Material provided by the Applicant
[15] The material provided by the Applicant in the Form F2 - Application for Unfair Dismissal Remedy raises allegations to the effect that the Applicant was dismissed because he made complaints about his wages and conditions of employment. The material also indicates that the Applicant involved the Transport Workers’ Union in these matters. It is also alleged by the Applicant that his hours of work were reduced because of these matters.
Conclusions
[16] Given the failure of the Applicant to comply with Directions and to attend the scheduled hearing into this matter, and the warning to him about the repercussions of this conduct, I have considered the material on the file, and concluded as follows. I accept that the operational requirements of the Respondent changed, by virtue of the sale of the Blackwater Quarry and that it no longer required the Applicant’s job to be done by anyone because of this change.
[17] I also accept that the applicant was a casual employee, and that the Award provisions requiring consultation in relation to redundancy do not apply with respect to casual employees. On the basis of the material provided by the Respondent, I also accept that the provisions of the Award with respect to notification and consultation in relation to the introduction of workplace change, which do apply with respect to casual employees, were complied with.
[18] There is no evidence about whether it would have been reasonable in the circumstances to redeploy the Applicant within the Respondent’s Enterprise or the enterprise of an associated entity. I am unable to make a finding about this matter.
[19] All of the matters raised by the Applicant go to the reasons for his selection and alleged contraventions of the general protection provisions of the FW Act. In circumstances where the Applicant’s dismissal was a case of genuine redundancy, these matters may not be pursued by way of an application for an unfair dismissal remedy.
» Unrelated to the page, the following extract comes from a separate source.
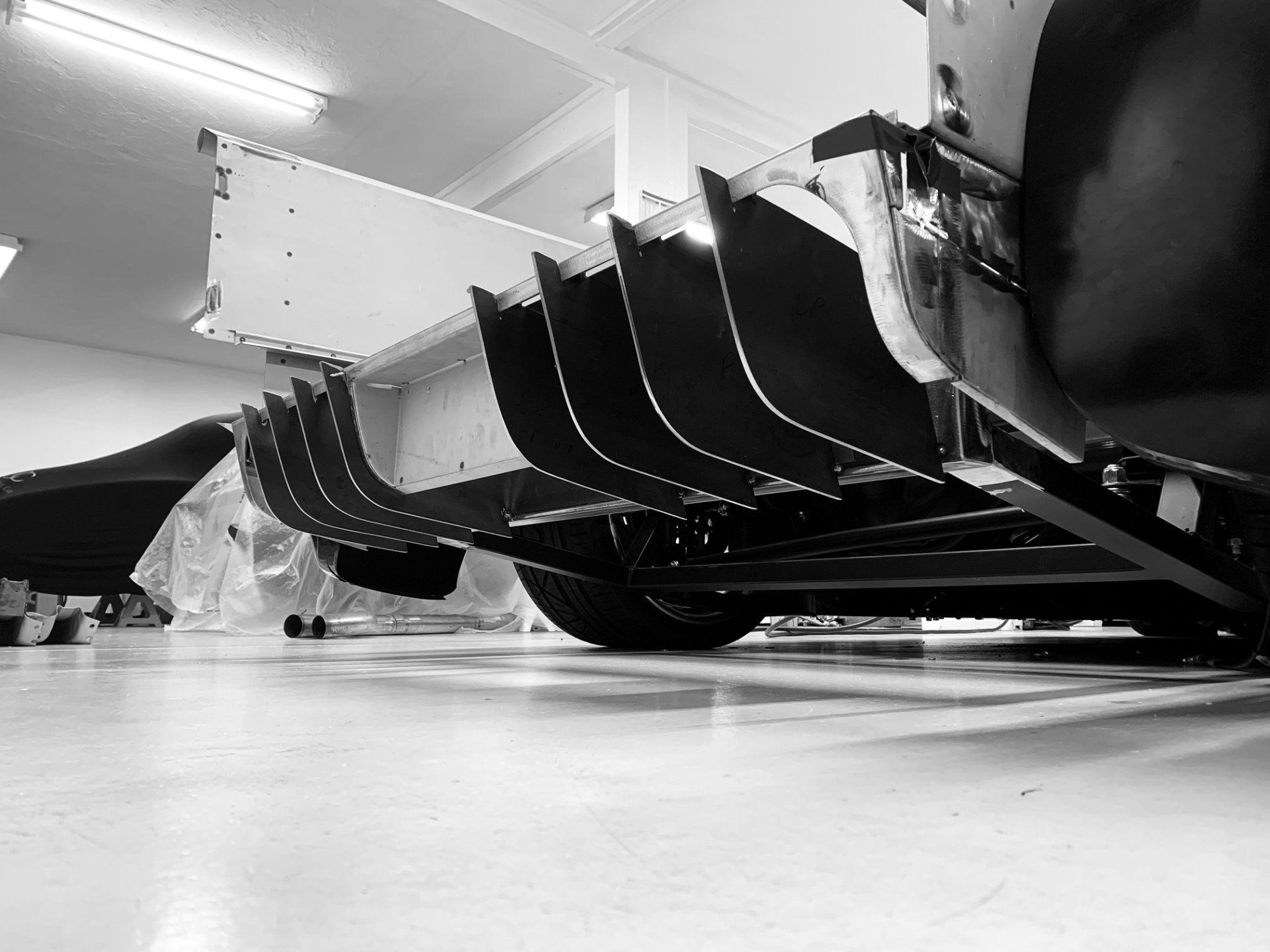 Black-and-white low-angle view of a car’s undercarriage in a workshop or garage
[20] Fair Work Australia has made all reasonable attempts to provide the Applicant with the opportunity to have his application dealt with and he has failed to make himself available for that purpose. In all of the circumstances I am satisfied that the power for the Tribunal to dismiss the application upon its own initiative pursuant to s.587(3)(a) of the Act, should be exercised. The application for an unfair dismissal remedy lodged by Mr Henry Ray (Te Reiwhati) Vercoe (U2009/15041) is dismissed. I Order accordingly.
COMMISSIONER
1 Fair Work Bill 2008 Explanatory Memorandum paragraph 146; Spruyt v Jaston Concrete Cartage Pty Limited [2010] FWA 5509.